Millet ve devlet olarak sivrisinek avlamakla uğraşmak yerine bataklığı kurutmaya yönelmek zorundayız. Çektiğimiz sıkıntılar beş on yıllık bir zaman dilimine ait değil, yüz yıllık yanlış bir anlayışı sahiplenmemizin faturasıdır.

Şu anda içinde yaşadığımız durum adı konmamış (siyasi, askeri, ekonomik ve psikolojik) bir savaştır. Bu savaş, dün değil 200 yüzyıl önce düşmanımıza hayran olmak ve ona teslim olmakla başladı. Jöntürk, Tanzimat, İttihat ve Terakki ile milletimize miras olarak bırakılan haçlı batılı sistemlerin acı meyvesidir tüm bunlar.
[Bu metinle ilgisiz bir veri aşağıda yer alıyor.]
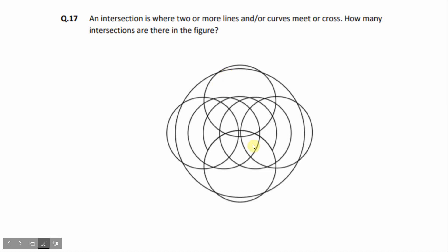So, basically to enhance this process, you need to see if this figure is symmetrical or not. Here we can see this figure is symmetrical, so basically you calculate one side, then you multiply, so you get your answer faster.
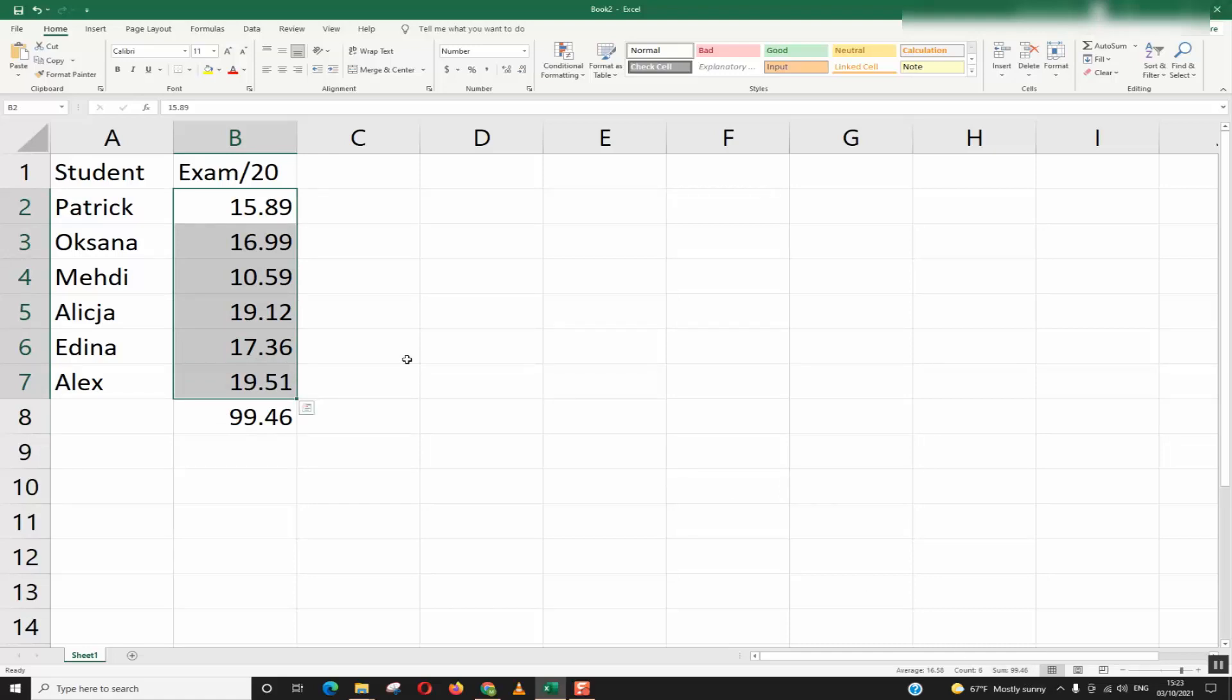So you might want to try to change your decimal separator, the dot by a comma or a comma by a dot, and it should work for you.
Bir asırdır millet ve ümmet olarak batılıların dayattığı ekonomik, siyasi, askeri, kültürel bir bağımsızlık ve özgürlük savaşı içindeyiz. Bu savaş; bir parti, gurup, cemaat ve hareketin dar kalıplarıyla verilecek bir savaş değil, topyekün milletimizin ‘’Allah’ın ipine sarılarak…’’ vereceği ve vermek zorunda olduğu bir varoluş savaşıdır.

Dün; bizden önde giden ve zaman nehrinin öteki yakasına geçen beyaz atlı süvarilerimiz verdi bu kutlu savaşı. Bu gün günahıyla sevabıyla bizimle devam ediyor ve edecek… Yarın da; evlatlarımız ve torunlarımız yüklenecek bu özgürlük mücadelesi olarak sürecek…

Savaşlar; düşmanın atı ve kılıcıyla düşmana karşı savaşmakla kazanılmıyor. Kendin olacak, kendini emperyalizmin karanlık bataklığından kendi imkan ve gayretinle kurtaracaksın! Sahte kurtarıcılardan medet ummadan, onlara yalvarmadan, onlara tapınmadan, onları putlaştırmadan…

Ellerimizdeki kelepçe ve zincirler, ayaklarımızdaki pranga ve tuzaklar kırılmadan özgürlük ve bağımsızlıktan bahsedemeyiz. Öyle boş laf ile peynir gemisi yürümüyor. Palavrayı, işkembeden sallamayı bırak, içine düşürüldüğün oyunlara bak!

En basitinden… Birden Doların sert rüzgarına kapılıp yelkenleri rüzgarın estiği tarafa çeviriverdin! Pusulanı şaşırdın, kıbleni değiştirdin! Bundan önce yaşadığın ekonomik, siyasi, askeri krizleri ve darbeleri unutuverdin! İlle de bu ülkede 27 Mayıslar, 12 Eylüller, 28 Şubatlar, Batı çalışma gurubu ve Ergenekon yapılanması gibi fitne ocaklarının baskı ve terörü, 15 Temmuzların bir daha yaşanılması mı lazım? ”Andolsun ki sizi biraz korku ve açlıkla; mallardan, canlardan ve ürünlerden eksiltmekle sınayacağız. Sabredenleri müjdele!” (Bakara;155-157 155) Eğer; gerçekten inanıyorsan, hayat ve mücadele böyle. Sınanacağız, hep sınanacağız.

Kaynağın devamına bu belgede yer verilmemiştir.